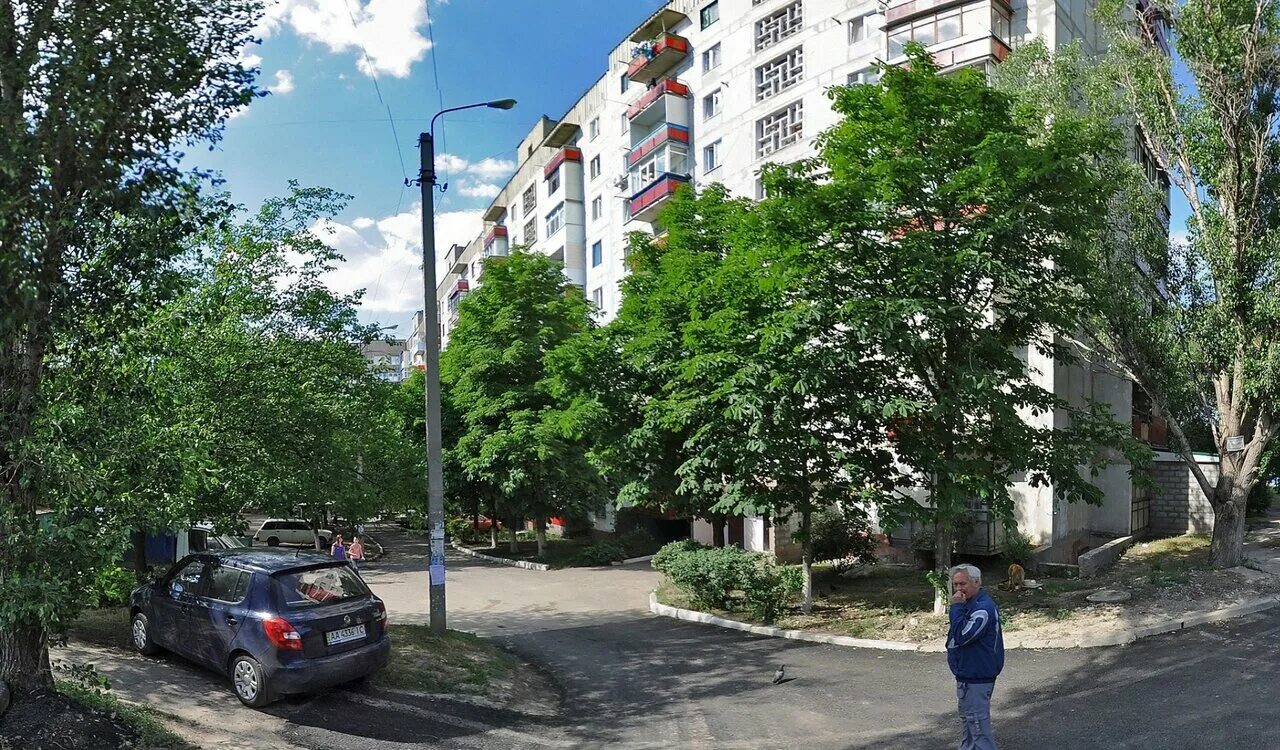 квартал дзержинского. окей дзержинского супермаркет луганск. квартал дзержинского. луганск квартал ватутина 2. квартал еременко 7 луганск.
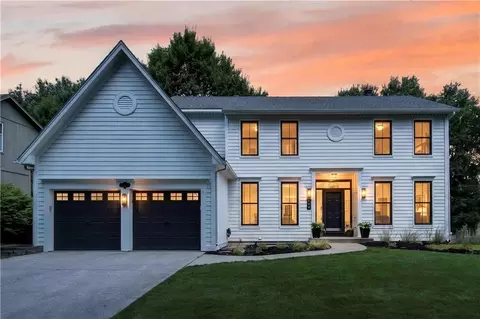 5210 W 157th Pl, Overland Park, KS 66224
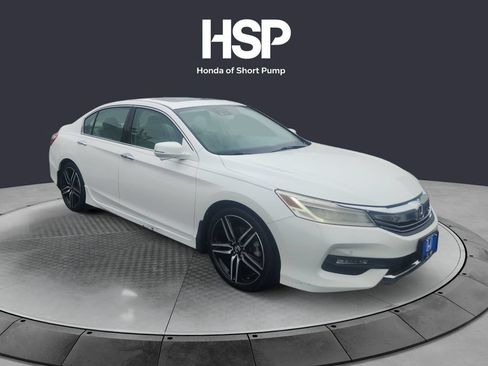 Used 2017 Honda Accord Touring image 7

--

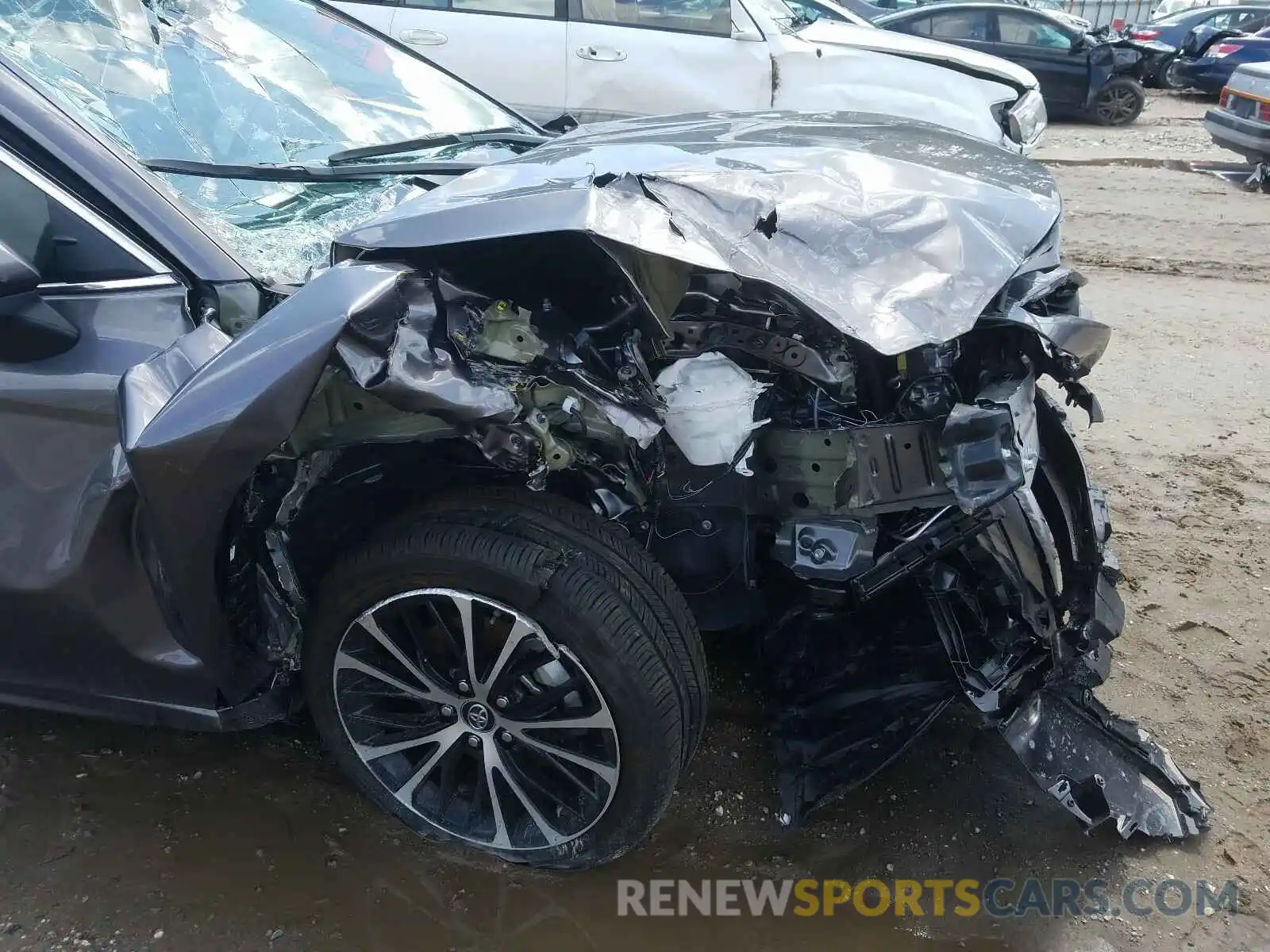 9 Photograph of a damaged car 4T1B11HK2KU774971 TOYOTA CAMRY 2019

--

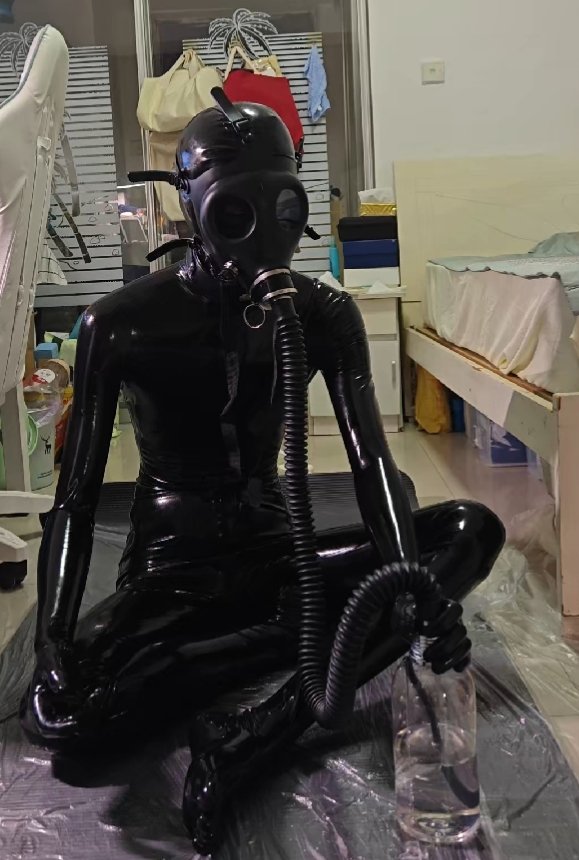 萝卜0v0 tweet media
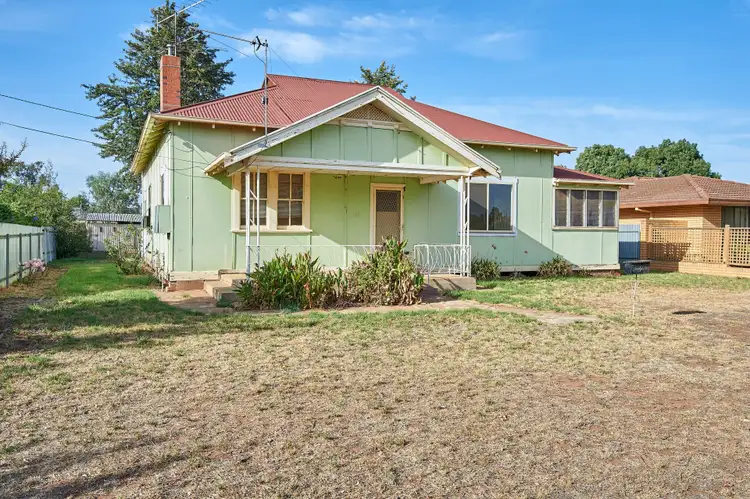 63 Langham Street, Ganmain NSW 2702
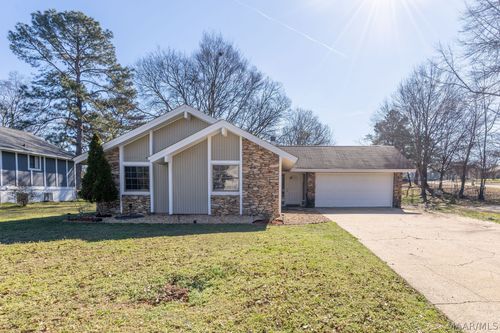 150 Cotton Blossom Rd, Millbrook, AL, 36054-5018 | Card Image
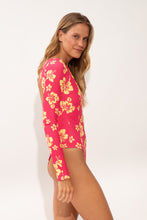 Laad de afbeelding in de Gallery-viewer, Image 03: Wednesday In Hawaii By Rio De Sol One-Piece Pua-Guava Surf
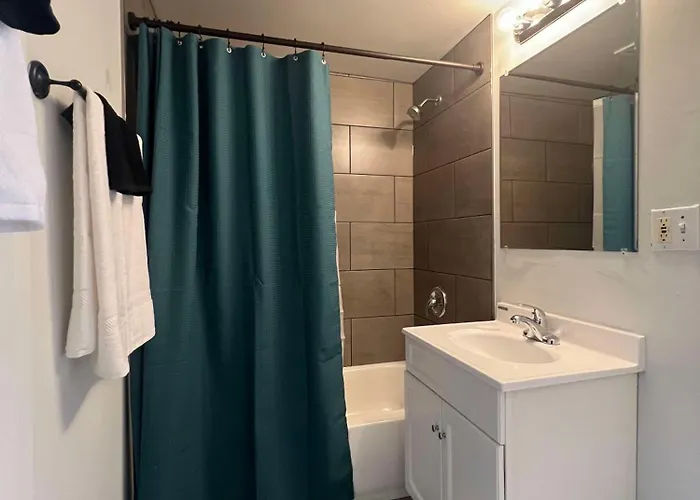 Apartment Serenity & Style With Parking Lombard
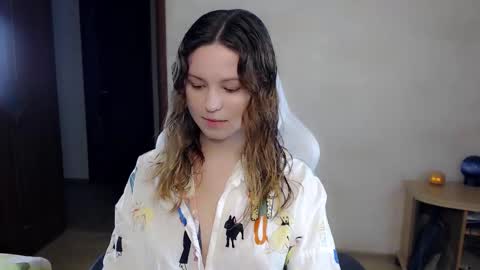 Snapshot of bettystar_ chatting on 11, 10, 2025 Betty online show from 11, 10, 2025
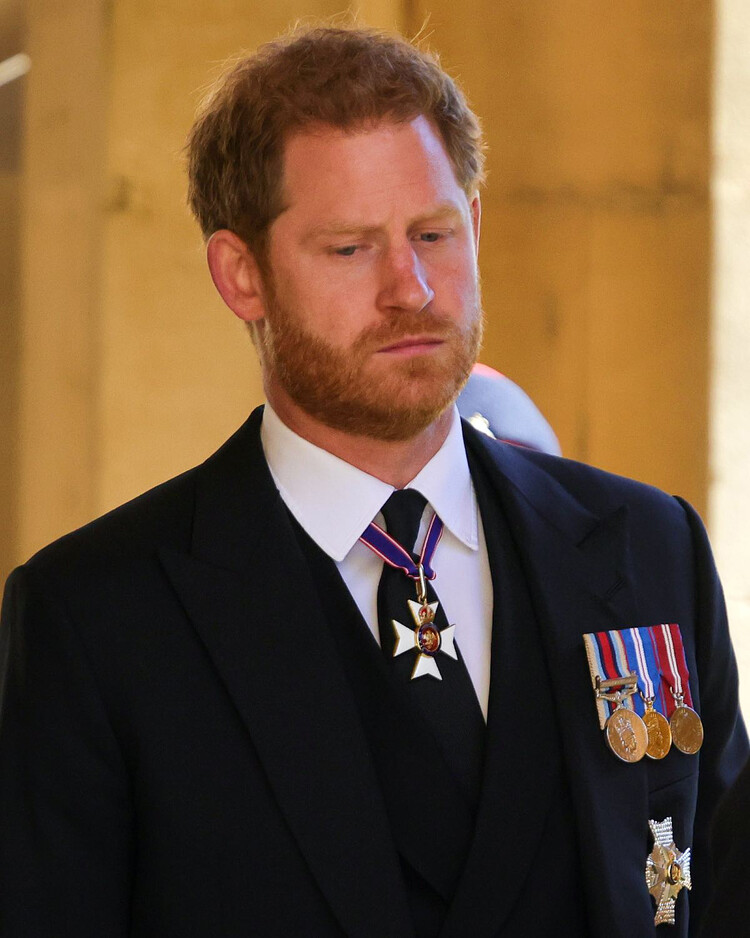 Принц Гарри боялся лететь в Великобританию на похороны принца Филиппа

● **WORK INSTRUCTION**
If a picture sits between the line containing "Laad de afbeelding" and the line containing "Принц Гарри боялся", leave it out, and return the lines of that range above exactly, both ends included.

● **SOLUTION TO THE EXERCISE**
 Laad de afbeelding in de Gallery-viewer, Image 03: Wednesday In Hawaii By Rio De Sol One-Piece Pua-Guava Surf
 Apartment Serenity & Style With Parking Lombard
 Snapshot of bettystar_ chatting on 11, 10, 2025 Betty online show from 11, 10, 2025
 Принц Гарри боялся лететь в Великобританию на похороны принца Филиппа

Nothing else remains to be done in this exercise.